Wow, i can't imagine how difficult that must be for you! Do you ever leave the kids w/ DH on the weekends during the day and go out for a coffee/magazine/book/ nails done???Honestly, i'm a pretty truthful person, but sometimes i tell DH i'm going 'big' grocery shopping, leaving him w/ DS then i rush through the store @ top speed, stop for a coffee and magazine, and just sit for 30 min in silence reading.. I am a SAHM too, w/ one 12 month old boy, and I even feel stretched!! Do you take baths??? It might sound dumb, but i lock myself in the bathroom a few nights a week, put on a face mask, and soak for 20 min--honestly it helps me keep my sanity..
Also, could you get a sitter for when you are THERE at home?? That way, you could prepare dinner, do laundry, clean and even maybe do 1-2 hrs of homework?? I know if you want someone 'responsible or certified, you may be able to get a college student who is getting a degree in early childhood education.. they always need 'internships' and usually will work for free. :)
Do you ever talk to your DH about how you feel you need atleast an HOUR of ME time, for every week he gets for himself??... also, if you like to read but don't have the time to sit and do it, get a book on CD from the library, and listen to it in the bath while you soak and get your facial (can you tell i'm a multi tasker?? LOL)
Honestly, a good cry also helps me too.. i cry all the time when i'm tired or just plain frusterated.

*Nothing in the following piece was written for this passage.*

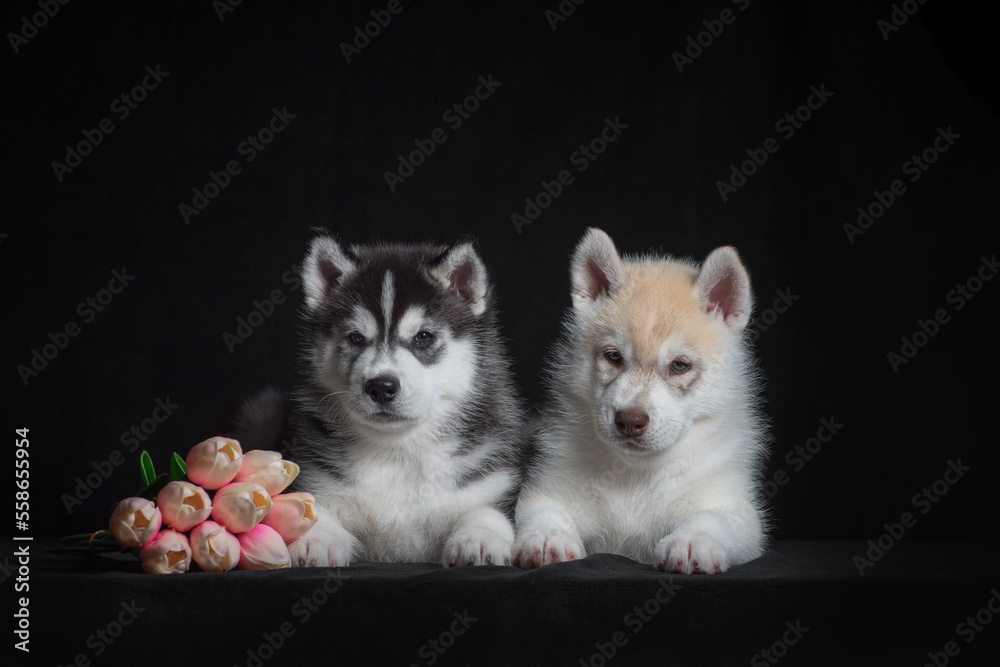 two Siberian husky puppies with a bouquet of artificial tulips on a black background two Siberian husky puppies with a bouquet of artificial tulips on a black background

That might help w/ not taking it out so much on the kids
i'm sure you are a wonderful mother, or else you wouldn't even post about your troubles!
Do you have family or friends that you do trust to watch your kids? when was the last time you and DH went out alone?? I rarely RARELY get sitters for my DS, my DH and i have only gone out maybe 5 times since he's been born, but even just going to dinner or lunch then going straight home is nice. Nice, uninterruped meal. it refreshes me. :)
IMO you have every right to be angry and resentful. Why does your husband get to work on all of his personal goals (not to mention have fun because hunting is not a personal goal; it's a vacation with the guys) while his wife and children suffer? I would have a long and honest talk with him and if that does not help I would go to marriage counseling.
In the meantime, can you hire someone to clean the house for you so you can spend the time with your studies and the kids? What about having someone come in while you are home so they can entertain the kids while you catch up on other stuff? You could find a local nanny service and install some nanny cams after you are comfortable with the nanny. Just a few quick ideas. :)
Fun things to do: Finger painting, homemade playdoh, making cookies, coloring/crafts, working on ABCs/123s for the older boy, movies, reading, board games, hide and seek, duck duck goose, blow up some balloons and bat them around ( they cannot break into anything but watch out for popping/choking hazard :) ), legos/puzzles for the older boy.
As for the mommy guilt/yelling...if you don't get a break things will only get worse. You and your husband should set up a time every week so you can get time alone. Go have coffee with a friend, go shopping, whatever you enjoy doing. We all need some me time every once in a while. Your husband is not single and he should not act like only his goals and time for fun matters.